Pierre marchant sur les eaux (Mt 14,24-33)

Publié par Biblissimo sur 8 Septembre 2020, 08:03am

Catégories : #Nouveau Testament, #Simon-Pierre, #Jésus marche sur la mer, #Evangile de Matthieu, #Miracles de Jésus

La marche de Jésus sur les eaux et la réaction de Pierre (Mt 14, 24-33)

 

24 La barque se trouvait éloignée de la terre de plusieurs stades, harcelée par les vagues ; le vent en effet était contraire. 25 À la quatrième veille de la nuit, il vint vers eux en marchant sur la mer. 26 Les disciples, le voyant marcher sur la mer, furent troublés : « C’est un fantôme ! », disaient-ils, et, pris de peur, ils se mirent à crier. 27 Mais aussitôt Jésus leur parla en disant : « Ayez confiance, c’est moi, ne craignez pas ! » 28 Sur quoi, Pierre lui répondit : « Seigneur, si c’est bien toi, donne-moi l’ordre de venir à toi sur les eaux. – 29 Viens ! » dit Jésus. Et Pierre, descendu de la barque, marcha sur les eaux et vint vers Jésus. 30 Mais, voyant le vent, il prit peur et, commençant à couler, il s’écria : « Seigneur, sauve-moi ! » 31 Aussitôt Jésus tendit la main et le saisit en lui disant : « Homme de peu de foi, pourquoi as-tu douté ? » 32 Et quand ils furent montés dans la barque, le vent tomba.

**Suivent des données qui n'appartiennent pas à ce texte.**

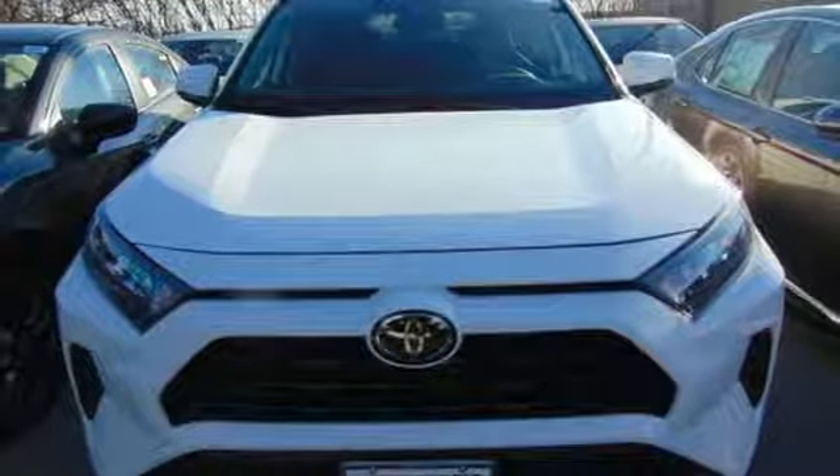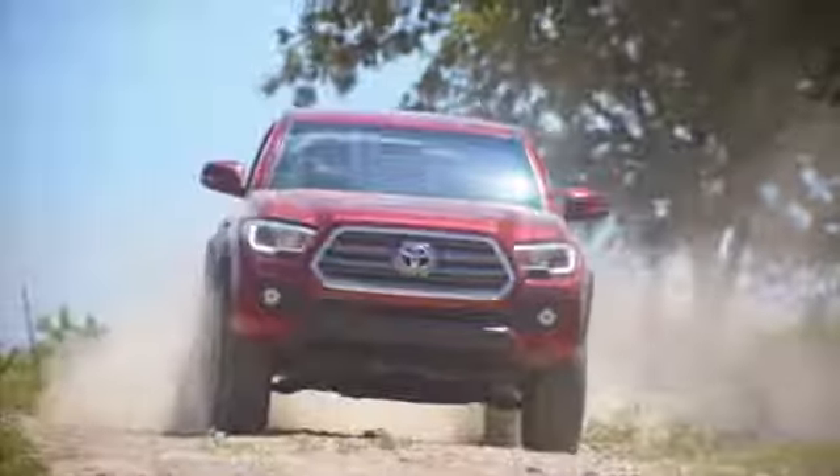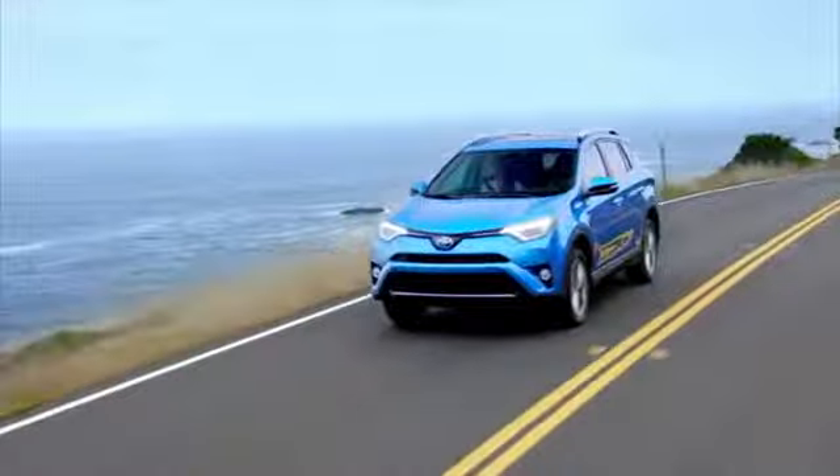There's even more to see in person. Take it for a test drive today. Call, click, or stop into Jerry's Toyota today.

33 Ceux qui étaient dans la barque se prosternèrent devant lui, en disant : « Vraiment tu es Fils de Dieu ! »

  1. Introduction

Pourquoi un tel récit qui semble faire doublure avec celui de la tempête apaisée du ch. 8 ? Autrement dit, qu’apporte-t-il de nouveau ? On peut dès l’abord s’attacher à la réaction de Pierre et de la péripétie qui s’ensuivit, peu prévisible et assez invraisemblable ?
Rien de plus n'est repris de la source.